Harrisburg, PA – The Game Commission is asking for the public’s help finding turkeys to trap for ongoing and new turkey projects.

The agency is encouraging Pennsylvanians to report the location of any turkey flocks they see between now and March 15. Information is being collected online at https://pgcdatacollection.pa.gov/TurkeyBroodSurvey.

Visitors to that webpage will be asked to provide the date of the sighting, the location, and the type of land (public, private or unknown) where birds are seen, among other things.

Game Commission crews will assess sites for the potential to trap turkeys. Turkeys will not be moved; they’ll simply be leg banded and released on site. In four Wildlife Management Units (WMUs) a sampling also will be outfitted with GPS transmitters, then be released back on site, to be monitored over time.

Trapping turkeys during winter is part of our ongoing population monitoring as well as the launch of a large-scale hen study.

Just like the last two winters, the Game Commission will put leg bands on male turkeys statewide. Hunters who harvest one of those turkeys, or people who find one dead, are asked to report the band number by either calling the toll-free number or emailing the email address on the band.

“That gives us information on annual survival rates and annual spring harvest rates for our population model,” said Mary Jo Casalena, the Game Commission’s turkey biologist.

New this year, the Game Commission will put GPS transmitters on 100 hens – 25 each in WMUs 2D, 3D, 4D and 5C – spread across all six regions of the state. The four study areas have different landscapes, turkey population densities, and spring hunter and harvest densities.

“We’re looking at hen population and movement dynamics, as well as disease prevalence,” Casalena said.

Those studies are being done in partnership with Penn State University and the University of Pennsylvania’s Wildlife Futures Program.

The population and movement portion of that work is looking at how landscape and weather impact hen nest rates, nest success, poult survival, predation, habitat use and movement. The disease portion of the study is examining how disease prevalence varies based on landscape and impacts things like the survival and nesting rates of hens of different ages.

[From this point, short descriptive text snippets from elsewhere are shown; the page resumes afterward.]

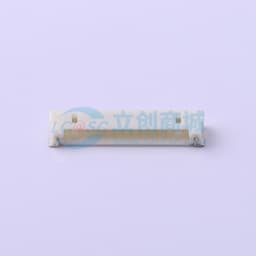 1x14P 间距:1.25mm 卧贴缩略图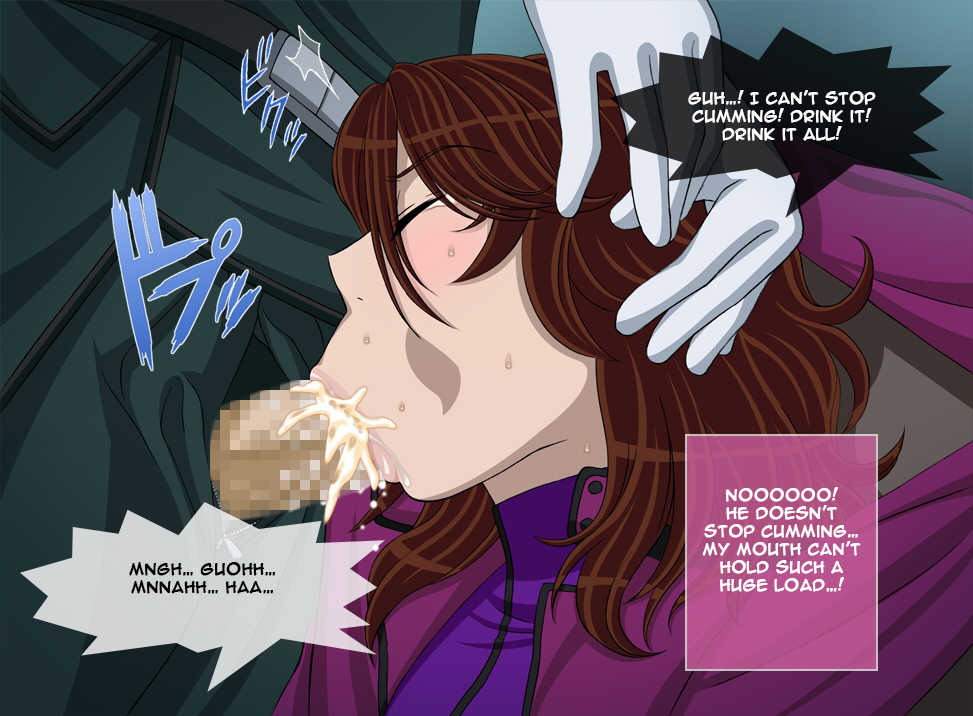 [VOGUE] Kuchi Katajikena Drown Crew 00 | Mouth-humiliating Drown Crew 00 (Gundam 00) [English] [Raknnkarscans] - Page 20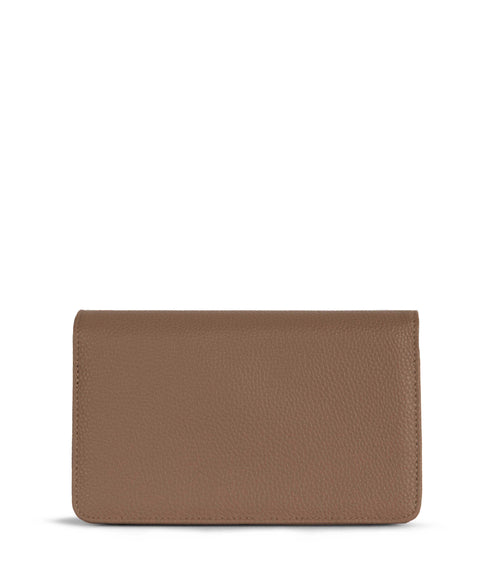 BEE Vegan Crossbody Bag - Grain | Color: Toffee- variant::toffee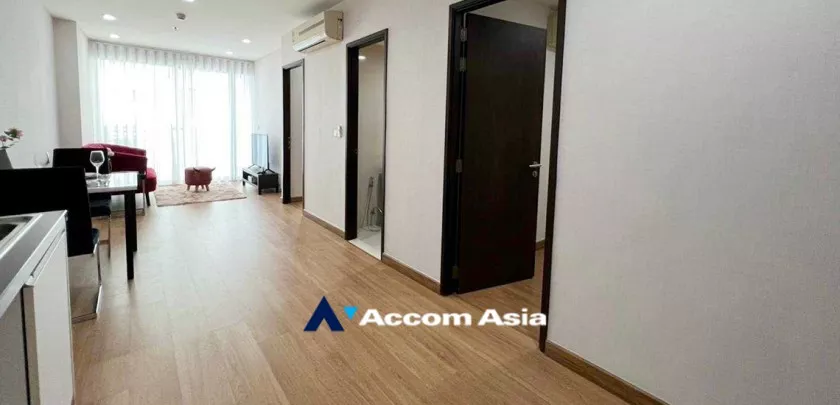 5  2 br Condominium For Sale in Sukhumvit ,Bangkok BTS Phra khanong at Le Luk AA33309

Game Commission crews will collect various samples – blood, tracheal, feces and skin – from hens that receive backpack-style transmitters at the time of capture, too, for disease analyses.

Approximately 100 additional transmitters will be deployed each winter through 2025, so that in the end – with transmitters from hens that die being recovered and re-deployed – the Game Commission will be monitoring 400-plus transmittered hens.

Researchers from Penn State University and the University of Pennsylvania’s Wildlife Futures Program will interpret the data collected. Biologists from Maryland and possibly another state wildlife agency will join the project next year, as well.

“It’s going to be the largest turkey project we’ve ever conducted, with the hope of answering many questions regarding current hen population dynamics,” Casalena said.

Finding birds to trap is key to launching all of that work. That’s where the public comes in. Fortunately, Pennsylvanians have a history of helping out this way.

More than 3,800 people, on average, submit Wild Turkey Sighting Survey reports each summer. That information plays a key role in tracking annual turkey reproduction across the state, Casalena said.

She’s hoping the public will be as active in relaying information on the location of winter turkey flocks, too.

“The public has been so helpful in years past,” Casalena said. “So we figured we’d expand on that and ask for help locating winter flocks statewide.”